__Task item__:
The answer is the data below, repeated exactly, with no pictures included.

__Extracted information__:
· · · · · · ·

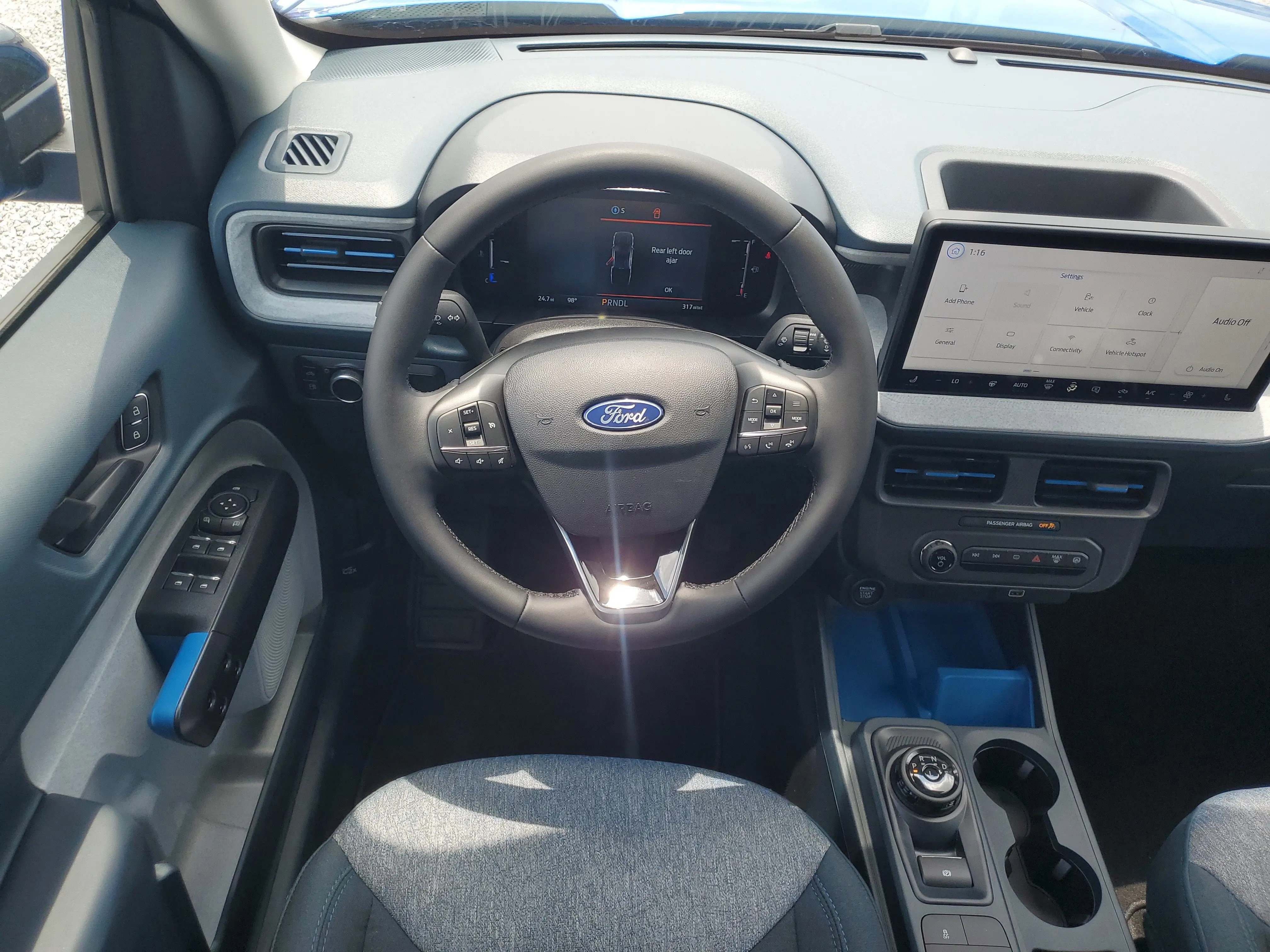image-13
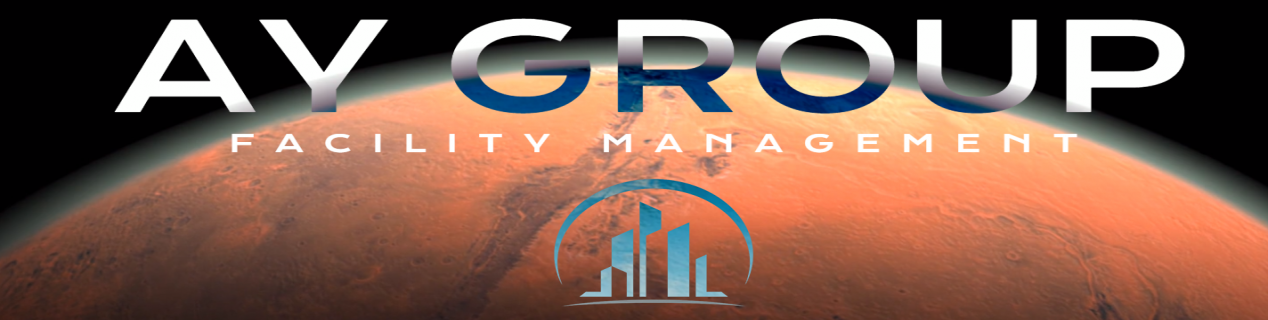 AY GROUP BAĞLANTILI REFERANSLARIMIZ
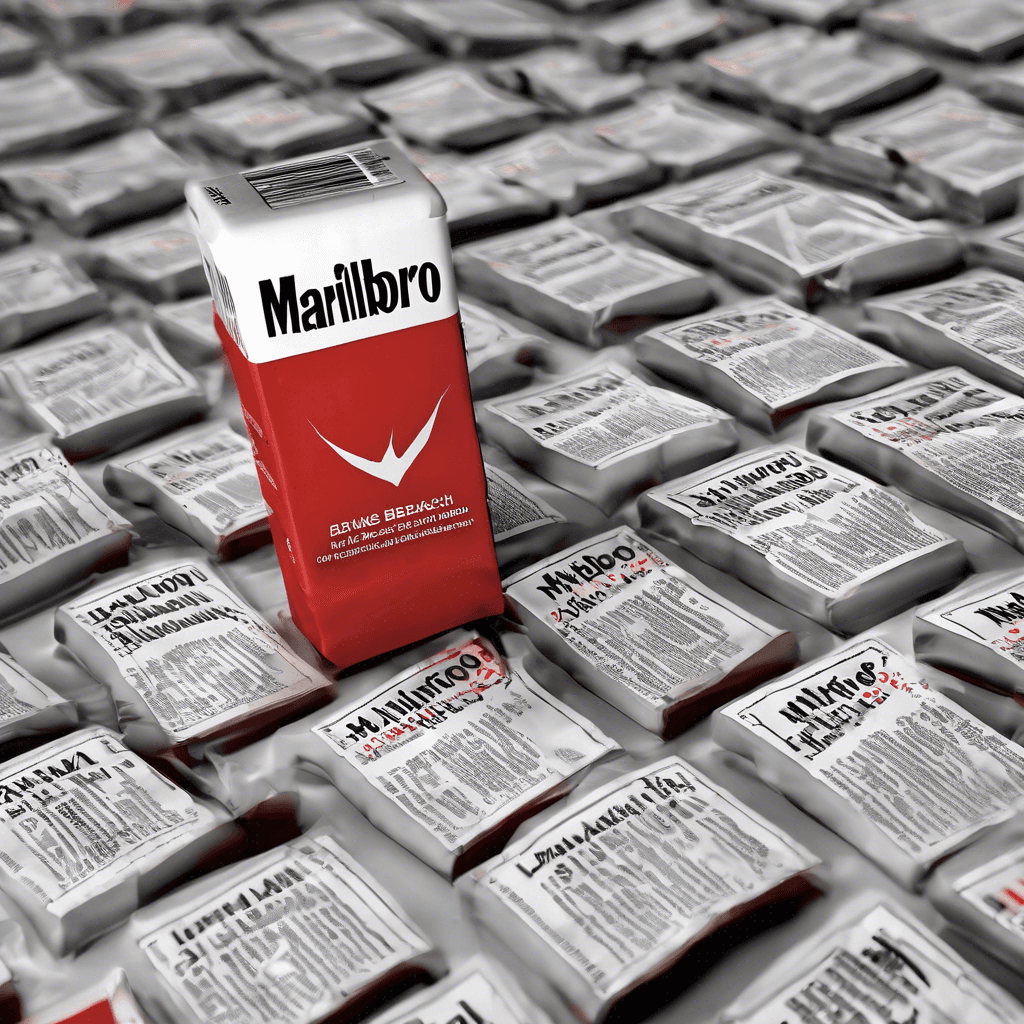 Marlboro-Chesterfield Pathology Data Breach Affects 235,000 People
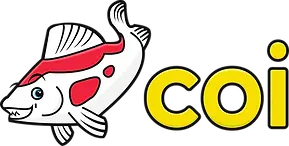 coi shopify agency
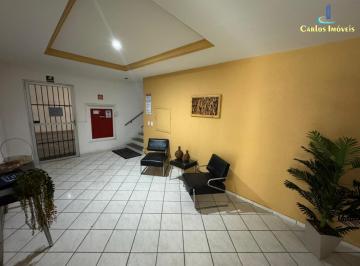 Foto 01 · Apartamento 2 Quartos sendo 2 Suítes a Venda na Praia do Morro - Guarapari - ES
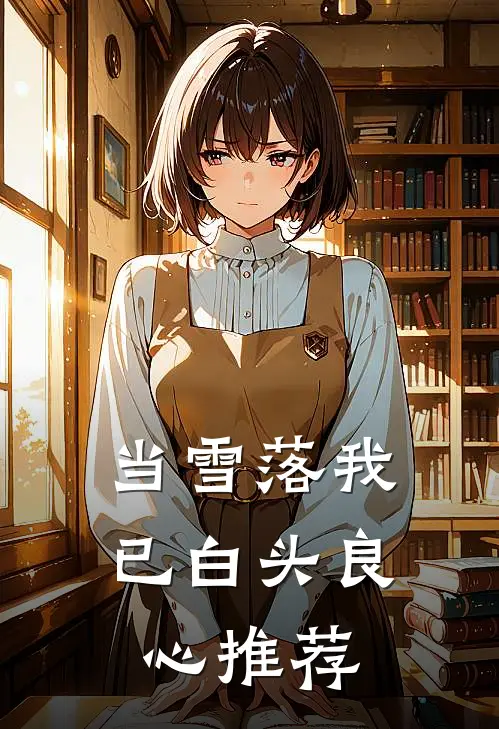 当雪落我已白头良心推荐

· · · · · · ·

__Solution for this task__:
image-13
 AY GROUP BAĞLANTILI REFERANSLARIMIZ
 Marlboro-Chesterfield Pathology Data Breach Affects 235,000 People
 coi shopify agency
 Foto 01 · Apartamento 2 Quartos sendo 2 Suítes a Venda na Praia do Morro - Guarapari - ES
 当雪落我已白头良心推荐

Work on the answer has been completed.